Except that there was remarkably little death in this episode. Little Miss Confessor gets some wrong ideas in her head about love and all that business, so she ends up confessing every man (except Zedd) in a ten miles radius. When she put the ju-ju on Richard, I looked forward to her end at the point of one blade or another, but that didn't come around either. After the anticlimactic retrieval of yet another magical whatsit designed to find the Stone of Tears, they use the sorcerer's magic-stealing crystal to de-Confessorize the girl so everyone gets released from the spell. Boring? Yeah.
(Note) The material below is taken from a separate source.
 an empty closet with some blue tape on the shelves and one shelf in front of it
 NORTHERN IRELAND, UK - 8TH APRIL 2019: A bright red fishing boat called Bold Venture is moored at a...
Maybe I'm just too much of a Team Cara cheerleader and I don't mind when annoying, useless characters get stabbed.
But the big missed opportunity for juicy darkness in this episode was the convenient baby production between Kahlan and a still-confessed Richard. Of all the times to deviate from the books, this was it. The giant, awkward ball of drama that would result from Kahlan carrying a baby she conceived with Richard under the one circumstance in which he could never love her would have done wonders for the character depth in this show. Instead, everything goes back to the tension-free status quo.
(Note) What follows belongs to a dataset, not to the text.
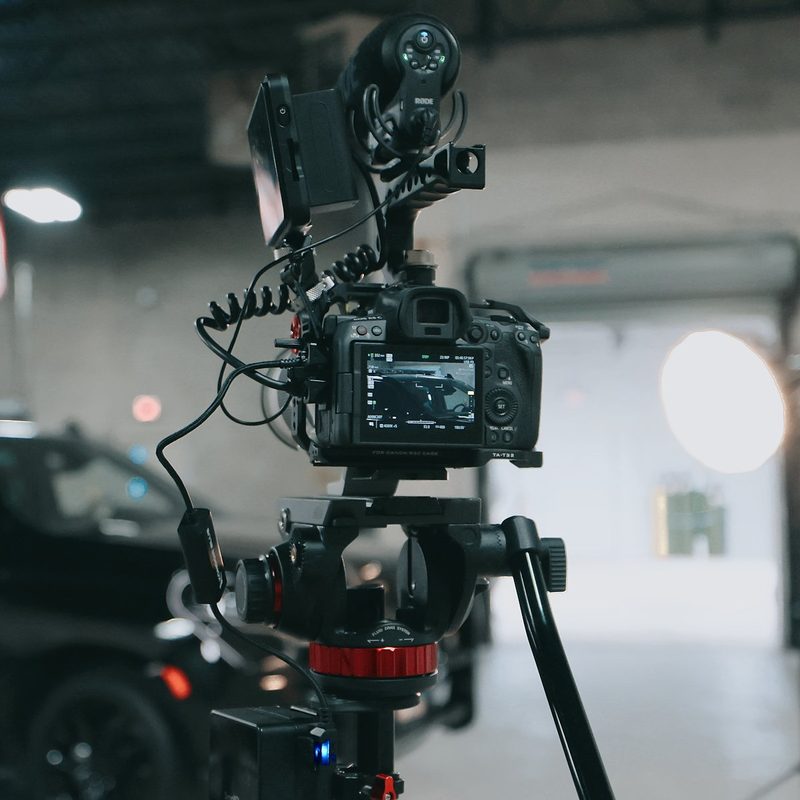 Cinema camera rig on a tripod on a Northwest Rescue video set, with the ambulance SUV behind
Oh, well. At least Flynn is out of the picture and Richard's still available for some more fur blanket shenanigans with Cara.
Best Moment: The thirty seconds during which it seemed plausible that Kahlan might just cut Little Miss Confessor's throat. Bridget Regan plays scary-crazy well.
Notes: I thought that banelings needed to be completely consumed by fire to keep them from coming back, not just, ya know, singed a bit. At least give me a line of dialog about piling up the bodies for a bonfire.
Episode Rating: 3/5- The glimmers of pathos, while not satisfying, were like a few drops of precious water in a desert of predictable storytelling. Also, looking to the future at least now we know there won't be any more Random Disposable Confessor plots (at least I hope). I can't complain about an episode in a sword-and-sorcery show that has plenty of both, so I'm being generous.